Javyvee Nguyen; My brother <3

Big brother,
So a couple of days ago your parents took you somewhere and you didn't know where... and i don't even know where... You won't even tell me where you are... I miss saying GOOOD MORNNING <3(: ... and good night... i'll miss your calls... :'/ I really miss you big brother... i regret not being there for you, while you were there for me... i'm so sorry i wasn't a good little sister... should've known better... i hate myself... i hope your doing ok babe<3... i miss you & love you dearly <3... stay ^, stay strong <3 I LOVE YOU WITH ALL MY HEART <3
-your little sister;
melissa missy le.
i love you always and forever babe <3

HIM<3

So i remember the first time i saw you, you were in the pool getting ready to race. ^___^ i thought you were cuteee; & i didn't really think that we'd end up like this.
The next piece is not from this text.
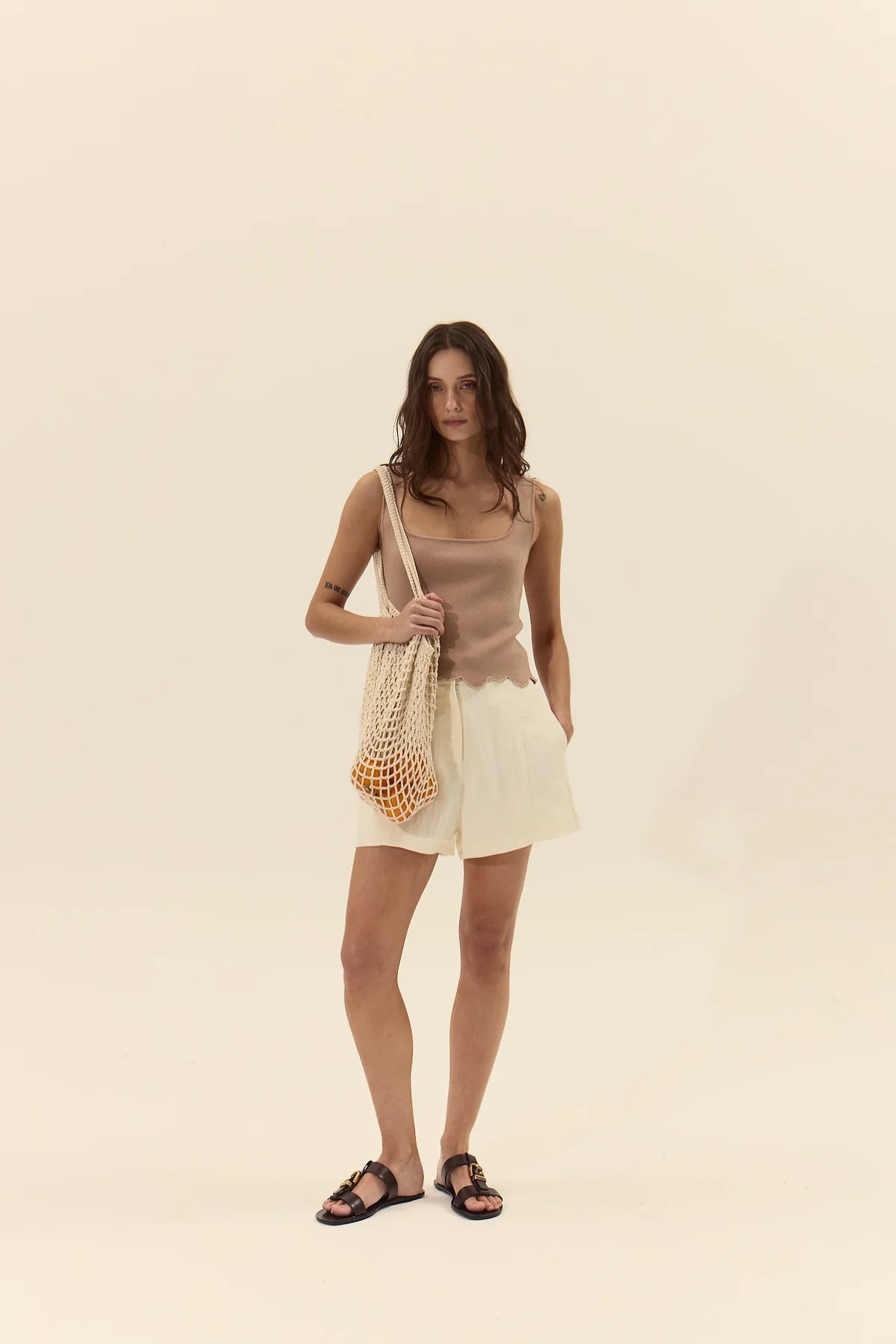 Ithaca Knit Top full body front with shopping bag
We started talking and i guess the more we talked about our feelings, our life, and ect... i learned you were really easy to talk to. & who knew we'd end up the way we are now (':! It's cute cause you always want to take me out, pick me up, and spend time with me <3 I have never ever met a guy like you [': <3 Your really easy to talk to, you always listen to me, and you always make me feel like i actually mean something to someone(: & when you say MELISSA you make me smile, when you say babe i start to get butterflies, and when you say i love you :'D oh my gosh... my heart just beats faster and louder <3 I don't want to rush things, because i know in the end even if were miles away, i'll still feel the same... i have never ever felt like this in my whole life... & i don't wanna loose this feeling... or you<3 i'm happy i meant you ^____^ <3 i love you babe <3.

Monday, July 20, 2009

tweety two.

So we got into a fight.. and i just couldn't take the fact you always hovered over me... you always assumed... you always keppt pissing me off with all the shit you did... & you won't stop texting me... and you just texted me with this long message... & now i'm tearing and don't know why... is it cause i miss you?... is it cause i like you?... what the hell is wrong... i'm pretty sure i don't like you... but why am i crying.. why? i can't do this anymore... you saying sorry we aren't even a couple and yet we fight like it, and all this shit. its getting old... i don't know what to do... i love, but why did this have to happen to us...? why you... you know you deserve better but you won't open your eyes to see that... i'm tired... but i don't know what to do... should i talk to you... either way everything i do, you still hurt like crazy... and i don't wanna keep doing this shit to you... its not worth it... not worth our friendship... why are you letting me do this to you... why can't we just be friends, why can't you stop liking me, why me?!?!!... when i finish figuring out one problem i get another daymn problem... why don't you just kill me D': ... this is making me miss the thing... ugh, the thing randomly imed me the other day... and like while i was sleeping everything just rudhed back... and i wanted to hold your bear... but i'm over it, i just missing talking to you about my problems... you made everything so much easier... UGH, where are you when i need you :'/... i guess thats all i can say now... i still don't know what to do... help... ugh FML. bye.

Sunday, July 19, 2009

is it?

i don't know if my life got better or worse...? ugh, what a piece of shit. i hate this. my head hurts, and i wanna kill someone ! >:O loose one problem gain another one! shit,fml. my mom is pissing me the fuck off to; god she's a liar. UGHHHH KILL ME. i need to hang out with people fuck she better let me go since she wouldn't even let me go camping with MY OWN FAMILY! <^>. UGHHHHHH. my head hurts.. -_____-" i'm done i don't wanna do anything now.

pisses me off

my mom pisses me off so daymn much shit. i barely hang out & shit and she still won't even let me go camping with family WOW fml. and i actually do shit around the house i hate my life .

Monday, July 6, 2009

life.

so like i'm bored and i just felt like writing this.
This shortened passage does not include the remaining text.